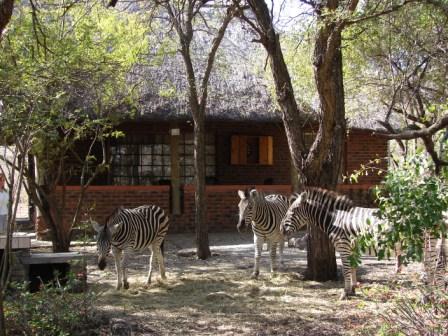 My Travelution - Travel Club - Marloth Park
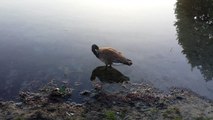 Ente putzt sich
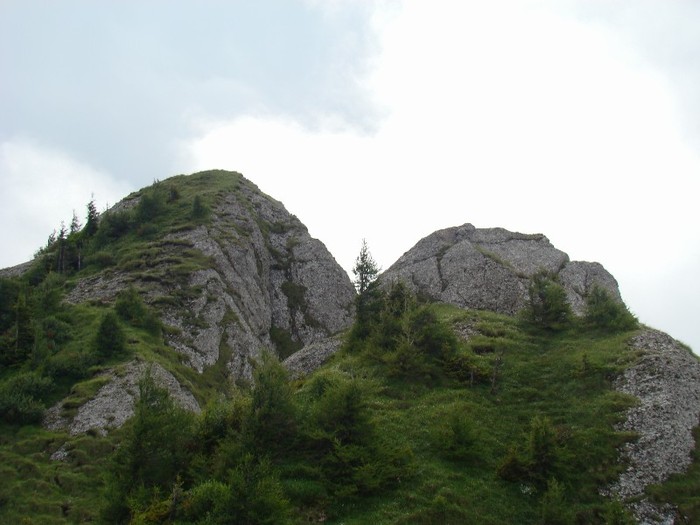 DSC08106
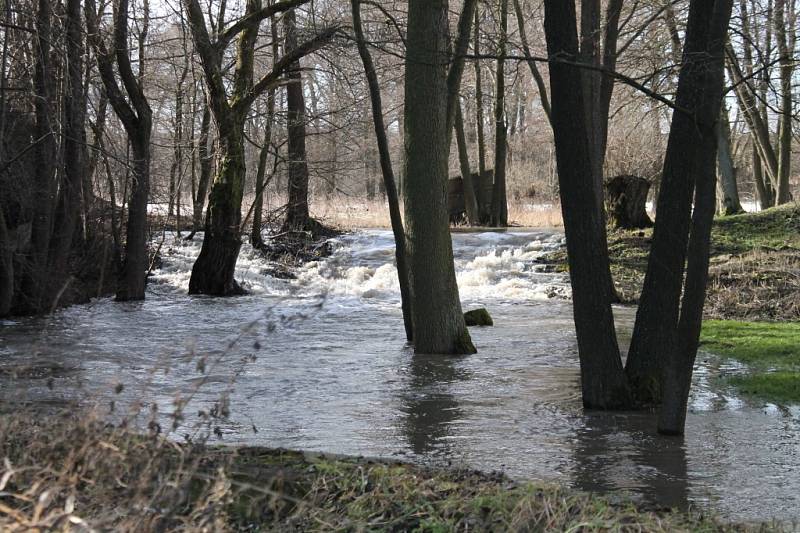 Obleva rozvodnila potok Blatnice v Korolupech. Při povodních v roce 2006 se voda z něj dostala i do objektů v jeho blízkosti.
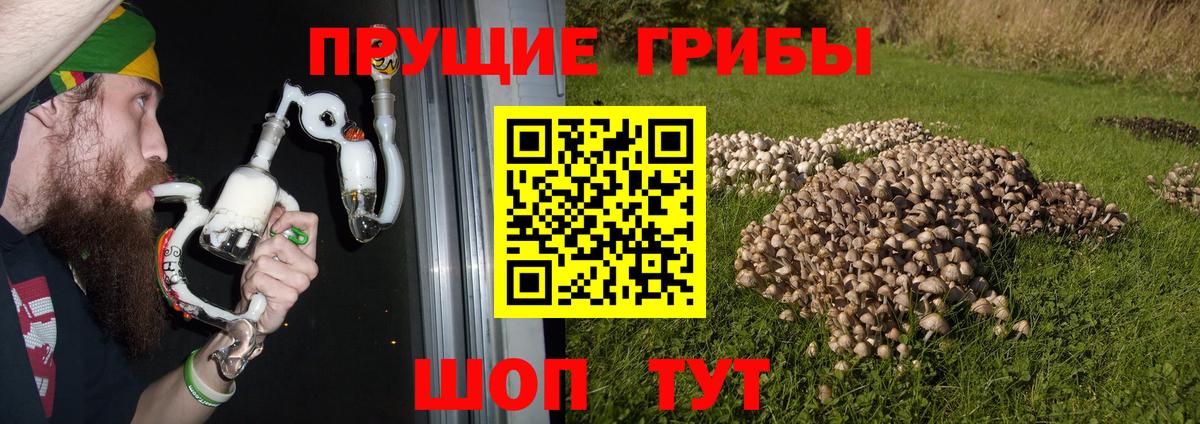 КОКАИН  Гашиш  Марихуана  ГАШИШ  Вход с VPN  Кумертау  Меф   Где найти наркотики?  Кодеин 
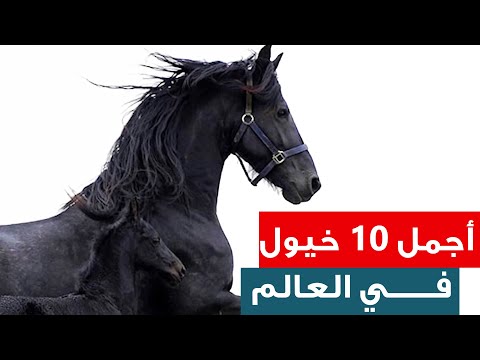 , title : 'أجمل 10 خيول في العالم - أجمل سلالات الخيول في العالم تعرف عليها'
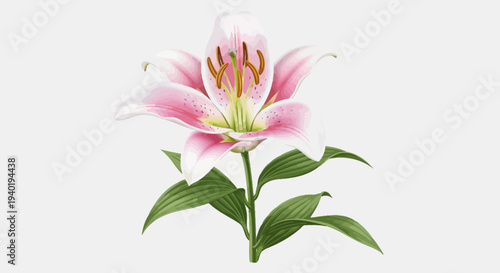 Pink Lily Flower Illustration – Realistic Bloom Botanical Vector Design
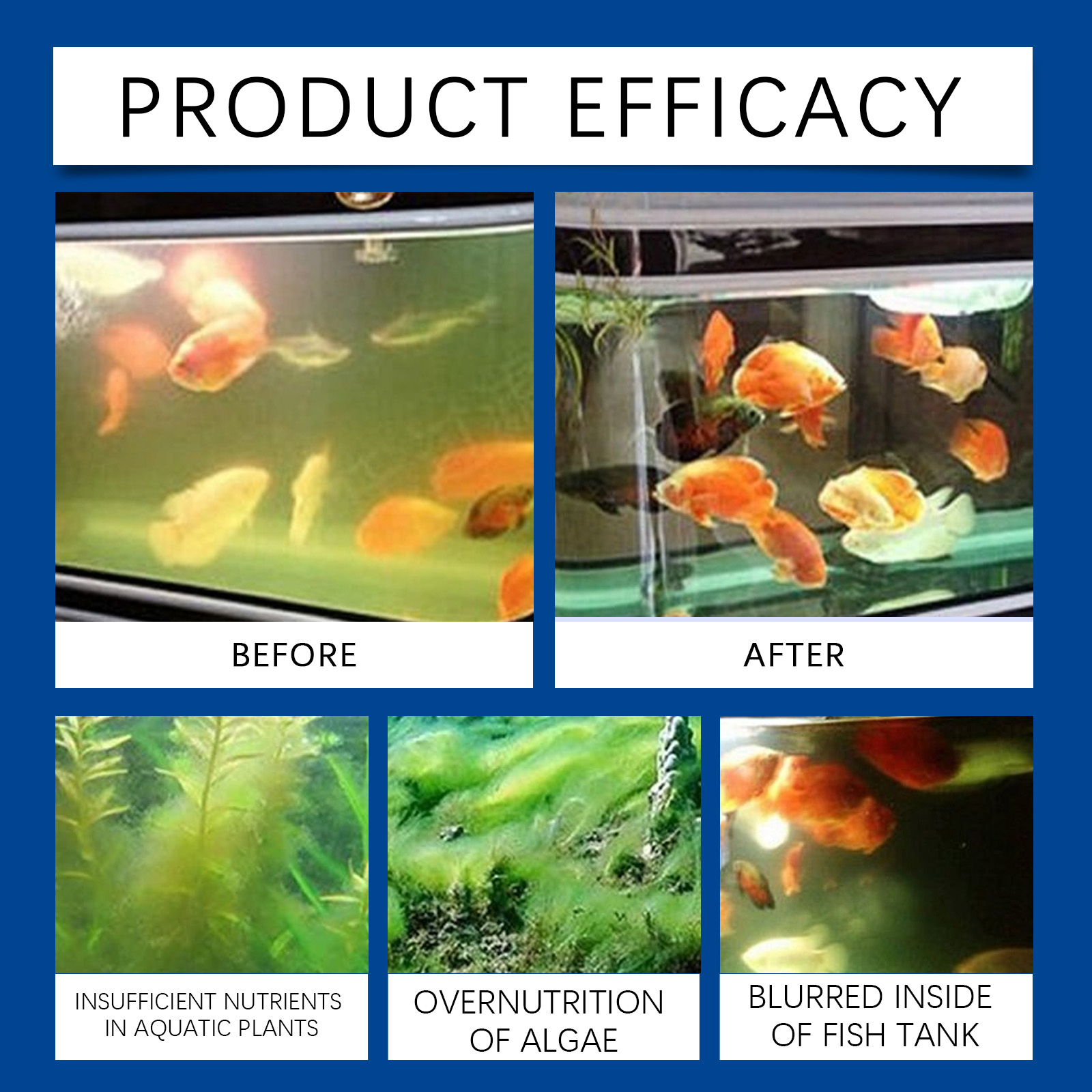 Akvaryum Su Arıtma Cihazı 100  - Saltwater Tank incelemesi ve fiyatı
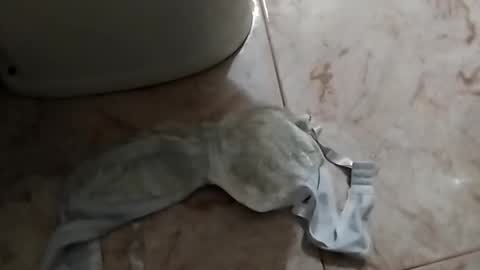 dthedog12 online show from September 24, 12:52 pm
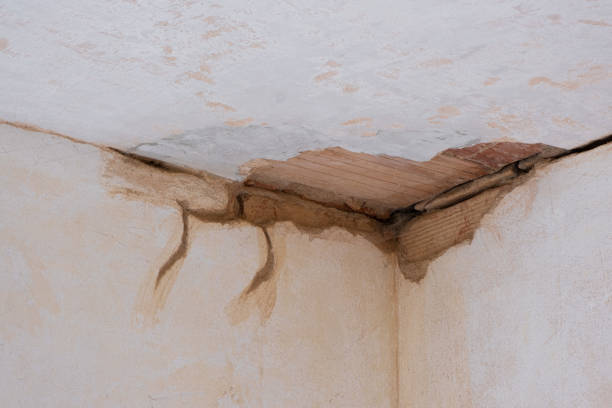 Best Water damage repair service  in Richwood, WV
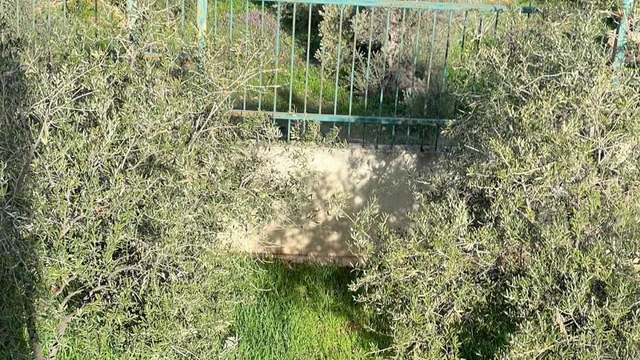 أرض في للبيع أرض مميزة في أجمل مناطق جرش - 130,000 دأ - صورة NaN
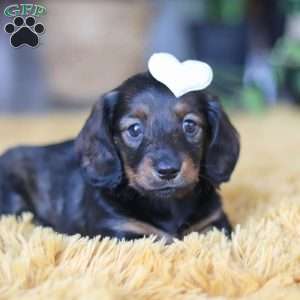 Crumpet, Dachshund Puppy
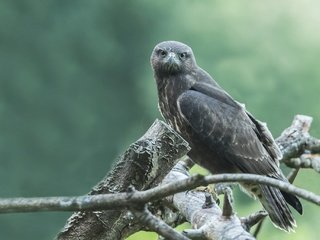 Обои дерево, взгляд, птица, клюв, перья, ястреб, боке, хищная птица, tree, look, bird, beak, feathers, hawk, bokeh, bird of prey разрешение 2048x1365 Загрузить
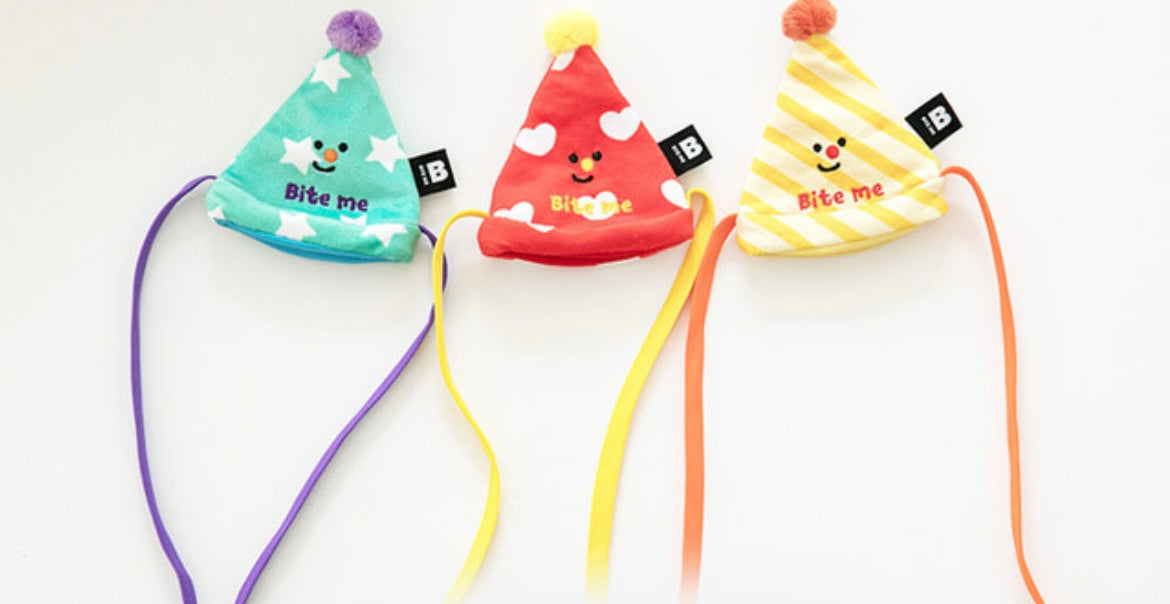 Happy Party Hat Toy (Set of 3)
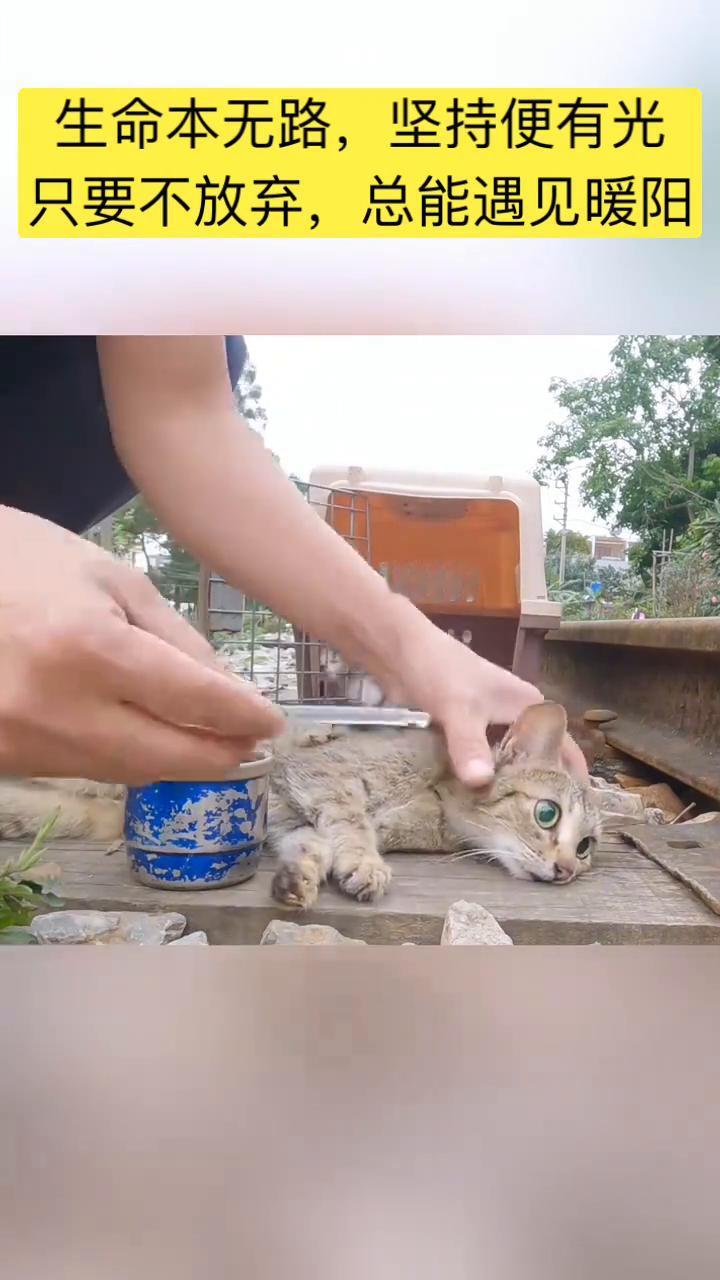 生命本无路，坚持便有光。只要不放弃，总能遇见暖阳。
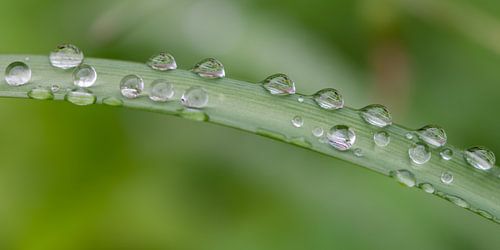 Water drops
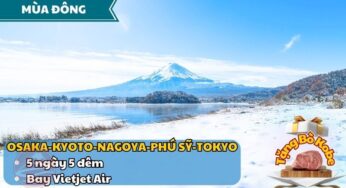 [Mùa Đông] Tour Nhật Bản 5N5Đ Osaka-Tokyo | TP. HCM bay Vietjet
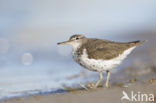 Spotted Sandpiper (Actitis macularius)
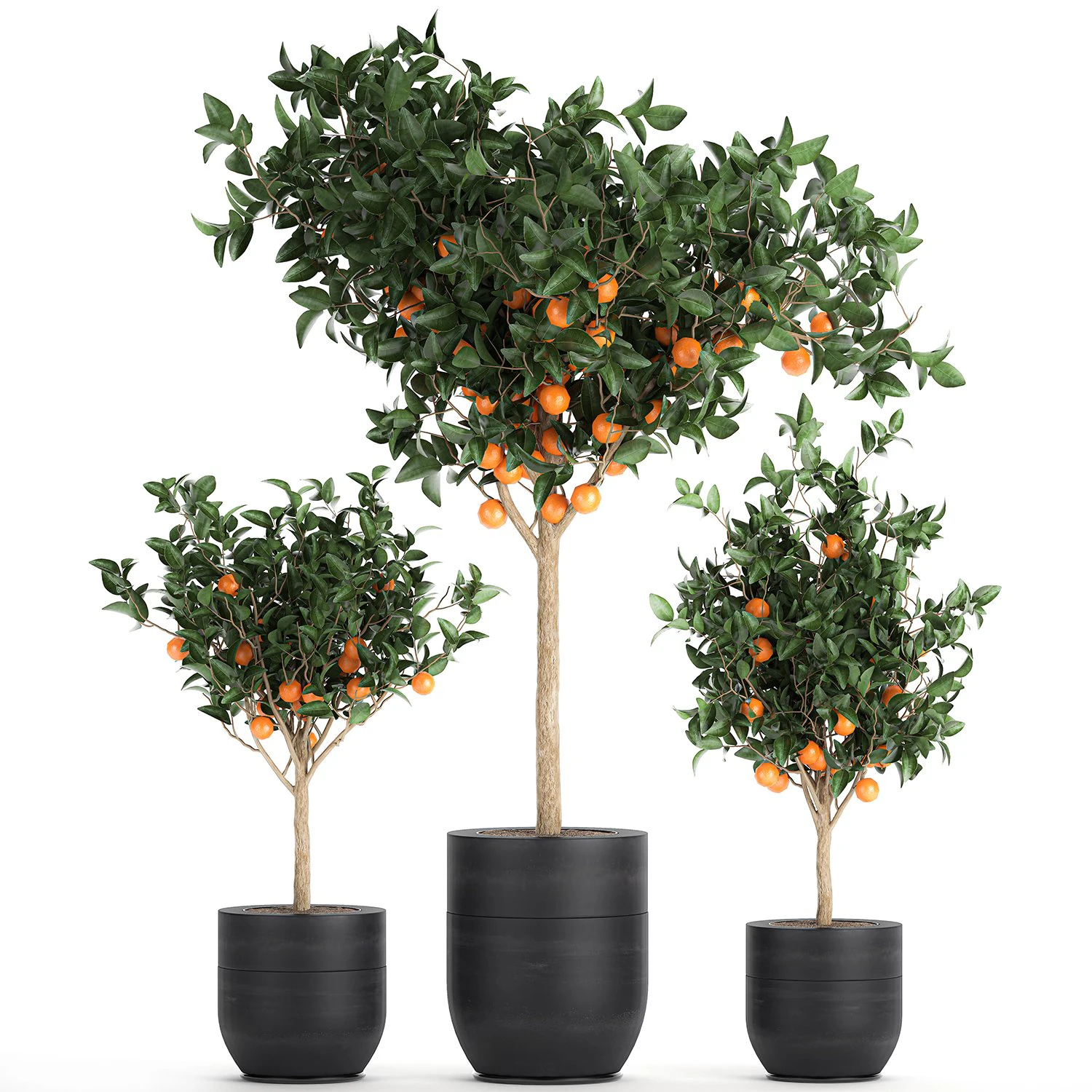 orange tree for the interior in black pot 717 3D Model .c4d .max .obj .3ds .fbx .stl .blend 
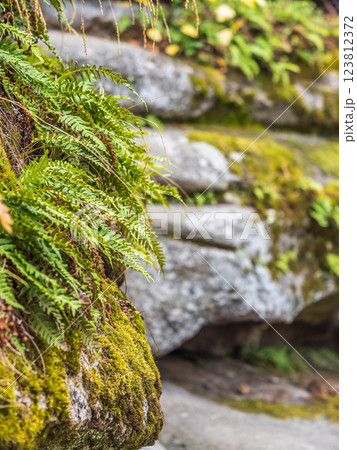 Common polypody fern Polypodium vulgare grows among thick moss. 123812372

- Problem -
Output, exactly and without pictures, the lines above that run from the one containing "Spotted Sandpiper (Actitis macularius)" through the last line of the entries, inclusive.

- Solution to this problem -
 Spotted Sandpiper (Actitis macularius)
 orange tree for the interior in black pot 717 3D Model .c4d .max .obj .3ds .fbx .stl .blend 
 Common polypody fern Polypodium vulgare grows among thick moss. 123812372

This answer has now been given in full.